Summoned by the Fairy Queen ("Iolanthe! From thy dark exile thou art summoned"), Iolanthe rises from the frog-infested stream that has been her home in exile. The Queen, unable to bear punishing her any longer, pardons Iolanthe, who is warmly greeted by the other fairies. Iolanthe tells her sisters that she has a son, Strephon, noting that he's a fairy down to the waist, but his legs are mortal. The fairies laugh that Iolanthe appears too young to have a grown son, as one of the advantages of a fairy's immortality is that they never grow old. Strephon, a handsome Arcadian shepherd, arrives and meets his aunts ("Good-morrow, good mother"). He tells Iolanthe of his love for the Lord Chancellor's ward of court, the beautiful Phyllis, who does not know of Strephon's mixed origin. Strephon is despondent, however, as the Lord Chancellor has forbidden them to marry, partly because he feels that a shepherd is unsuitable for Phyllis, but partly because the Lord Chancellor wishes to marry Phyllis himself. In fact, so do half the members of Britain's House of Lords. The Fairy Queen promises her assistance ("Fare thee well, attractive stranger"). Soon Phyllis arrives, and she and Strephon share a moment of tenderness as they plan their future and possible elopement ("Good-morrow, good lover"; "None shall part us from each other").

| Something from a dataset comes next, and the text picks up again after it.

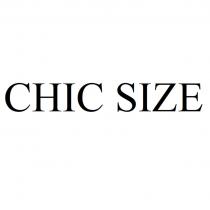 CHIC SIZE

A cadre of the peers of the realm arrive in noisy splendour ("Loudly let the trumpet bray") with the Lord Chancellor ("The law is the true embodiment"). They are all smitten with Phyllis, and they have appealed to the Lord Chancellor to decide who will have her hand. The Lord Chancellor hesitates to act upon his own regard for Phyllis due to his position as her guardian. The Lords send for Phyllis to choose one of their number, but she will not marry any of them, as virtue is found only in a "lowly" cottage ("My well-loved Lord" and "Nay, tempt me not"). The peers beg her not to scorn them simply because of their "blue blood" ("Spurn not the nobly born" and "My lords, it may not be"). Strephon approaches the Lord Chancellor, pleading that Nature bids him marry Phyllis. But the Lord Chancellor wryly notes that Strephon has not presented sufficient evidence that Nature has interested herself in the matter. He refuses his consent to the marriage between Strephon and Phyllis ("When I went to the Bar").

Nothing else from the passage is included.